1. Handling Complete Collection Event Keys

  • Unique collection events often generate multiple duplicate GBIF records. One duplicate is designated as the master digital voucher, integrating data from other duplicates.

  • When the collection event key is complete, duplicates are grouped and parsed based on record completeness and geospatial quality:

    • Record Completeness : Assessed using data-quality scores for fields: recordedBy, recordNumber, year, institutionCode, catalogNumber, locality, municipality, countryCode, stateProvince, and fieldNotes.

    • Geospatial Quality : Ranked via a score derived from geospatial issues in EnumOccurrenceIssue (GBIF table).

  • The duplicate with the highest total score (sum of record completeness + geospatial quality) is assigned as the master voucher. Missing data from other duplicates are merged into this voucher.

2. Handling Incomplete Collection Event Keys

  • When the collection event key is incomplete, duplicates cannot be parsed. Each record is treated as a unique collection event, with no duplicates identified.

  • Record completeness and geospatial quality are still evaluated as described below to assess data integrity.

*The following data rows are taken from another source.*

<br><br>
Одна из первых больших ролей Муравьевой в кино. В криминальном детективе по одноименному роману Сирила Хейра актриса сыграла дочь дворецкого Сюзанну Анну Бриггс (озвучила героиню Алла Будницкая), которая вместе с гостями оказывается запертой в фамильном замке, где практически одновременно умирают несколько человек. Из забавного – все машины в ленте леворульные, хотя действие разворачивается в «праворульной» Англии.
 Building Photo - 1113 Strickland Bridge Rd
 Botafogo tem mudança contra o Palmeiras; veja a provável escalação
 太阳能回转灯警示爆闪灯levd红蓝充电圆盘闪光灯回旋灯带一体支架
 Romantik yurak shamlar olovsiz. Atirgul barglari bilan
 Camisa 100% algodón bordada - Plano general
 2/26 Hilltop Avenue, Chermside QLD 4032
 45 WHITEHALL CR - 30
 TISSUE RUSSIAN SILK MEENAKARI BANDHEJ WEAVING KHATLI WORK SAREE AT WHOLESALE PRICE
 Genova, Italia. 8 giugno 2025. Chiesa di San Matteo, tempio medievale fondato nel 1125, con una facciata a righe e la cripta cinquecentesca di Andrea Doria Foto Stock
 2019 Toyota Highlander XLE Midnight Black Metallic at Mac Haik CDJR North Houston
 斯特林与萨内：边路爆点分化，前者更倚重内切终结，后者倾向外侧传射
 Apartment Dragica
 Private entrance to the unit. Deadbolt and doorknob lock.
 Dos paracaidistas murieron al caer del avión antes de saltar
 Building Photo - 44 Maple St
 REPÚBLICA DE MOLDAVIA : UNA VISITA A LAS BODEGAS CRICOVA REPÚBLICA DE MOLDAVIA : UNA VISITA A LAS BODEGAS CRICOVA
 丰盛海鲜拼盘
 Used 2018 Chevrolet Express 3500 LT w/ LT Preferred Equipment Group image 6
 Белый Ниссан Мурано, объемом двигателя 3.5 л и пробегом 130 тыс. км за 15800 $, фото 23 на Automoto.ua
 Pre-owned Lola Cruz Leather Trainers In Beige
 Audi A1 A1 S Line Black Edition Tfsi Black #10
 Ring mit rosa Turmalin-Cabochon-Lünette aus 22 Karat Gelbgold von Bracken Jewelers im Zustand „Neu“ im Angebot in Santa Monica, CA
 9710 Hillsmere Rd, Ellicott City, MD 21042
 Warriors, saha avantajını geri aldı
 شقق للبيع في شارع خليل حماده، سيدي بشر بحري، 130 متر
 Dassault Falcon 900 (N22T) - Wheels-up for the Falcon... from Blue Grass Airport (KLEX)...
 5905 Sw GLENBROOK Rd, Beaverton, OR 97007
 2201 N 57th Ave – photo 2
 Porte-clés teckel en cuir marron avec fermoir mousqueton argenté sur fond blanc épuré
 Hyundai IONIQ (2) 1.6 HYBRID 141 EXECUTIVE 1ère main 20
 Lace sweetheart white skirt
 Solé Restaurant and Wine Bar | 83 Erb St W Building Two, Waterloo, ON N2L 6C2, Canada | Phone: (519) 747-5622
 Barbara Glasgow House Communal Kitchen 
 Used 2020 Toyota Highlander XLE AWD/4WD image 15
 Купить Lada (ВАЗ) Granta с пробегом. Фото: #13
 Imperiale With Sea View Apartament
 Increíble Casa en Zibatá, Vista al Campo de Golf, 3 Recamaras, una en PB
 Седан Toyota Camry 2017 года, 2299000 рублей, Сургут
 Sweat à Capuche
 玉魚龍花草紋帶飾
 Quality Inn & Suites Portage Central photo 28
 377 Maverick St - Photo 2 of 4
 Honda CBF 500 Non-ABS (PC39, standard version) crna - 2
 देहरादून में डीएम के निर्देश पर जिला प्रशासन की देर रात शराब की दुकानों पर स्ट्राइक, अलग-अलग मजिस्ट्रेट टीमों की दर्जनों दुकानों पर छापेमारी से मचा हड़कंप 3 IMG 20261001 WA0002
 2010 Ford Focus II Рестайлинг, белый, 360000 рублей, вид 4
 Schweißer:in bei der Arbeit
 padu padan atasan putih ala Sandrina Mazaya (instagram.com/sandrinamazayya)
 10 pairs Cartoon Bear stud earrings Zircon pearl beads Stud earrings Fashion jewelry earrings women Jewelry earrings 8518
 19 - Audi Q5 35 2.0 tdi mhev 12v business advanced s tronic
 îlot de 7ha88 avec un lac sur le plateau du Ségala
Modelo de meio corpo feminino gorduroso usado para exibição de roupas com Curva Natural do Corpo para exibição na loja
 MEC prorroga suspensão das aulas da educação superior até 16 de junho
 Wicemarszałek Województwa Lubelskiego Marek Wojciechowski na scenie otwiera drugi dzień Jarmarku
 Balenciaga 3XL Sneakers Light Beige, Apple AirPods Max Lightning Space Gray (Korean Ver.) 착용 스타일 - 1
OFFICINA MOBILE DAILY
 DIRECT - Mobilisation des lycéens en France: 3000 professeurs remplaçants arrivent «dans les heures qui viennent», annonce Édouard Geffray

3. Quality Score Calculation

UltraGBIF_digital_voucher : The duplicate with the highest total score, calculated as

Total Score = Record Completeness + Quality of Geospatial Information

4. Record Completeness Calculation

  • Measured as the sum of binary flags (TRUE = 1, FALSE = 0) for the following fields:

    • Is recordedBy present?

    • Is recordNumber present?

    • Is year present?

    • Is institutionCode present?

    • Is catalogNumber present?

    • Is locality present?

    • Is municipality present?

    • Is countryCode present?

    • Is stateProvince present?

    • Is fieldNotes present?

5. Geospatial Quality Calculation

  • Based on GBIF geospatial issues in EnumOccurrenceIssue, classified into three categories:

    • No Impact : Issues not affecting coordinate accuracy (selection_score = -1).

    • Potential Impact : Issues that may affect coordinate accuracy (selection_score = -3).

    • Exclusion : Records with severe issues (selection_score = -9) are excluded.

This optimized version eliminates O(n²) complexity by using vectorized data.table operations.

Usage

set_digital_voucher(occ_import = NA, names.checked = NA, collection_key = NA)

Arguments

occ_import

imported GBIF records

names.checked

your checked taxon names from check_occ_name

collection_key

your collection mark from generate_collection_mark

Value

A list with duration and 2 data.table: "occ_digital_voucher" for all data processing fields and "occ_results" for only result fields.

Details

UltraGBIF_duplicates_grouping_status :

  • groupable: Complete key, duplicates parsed.

  • not groupable: no recordedBy and no recordNumber: Missing both fields.

  • not groupable: no recordNumber: Missing recordNumber.

  • not groupable: no recordedBy: Missing recordedBy.

UltraGBIF_num_duplicates: Integer count of duplicate records.

UltraGBIF_duplicates: TRUE if duplicates exist, FALSE otherwise.

UltraGBIF_non_groupable_duplicates: TRUE if duplicates cannot be grouped, FALSE otherwise.

Examples

# \donttest{
help(set_digital_voucher)
#>  Rendering development documentation for "set_digital_voucher"
# }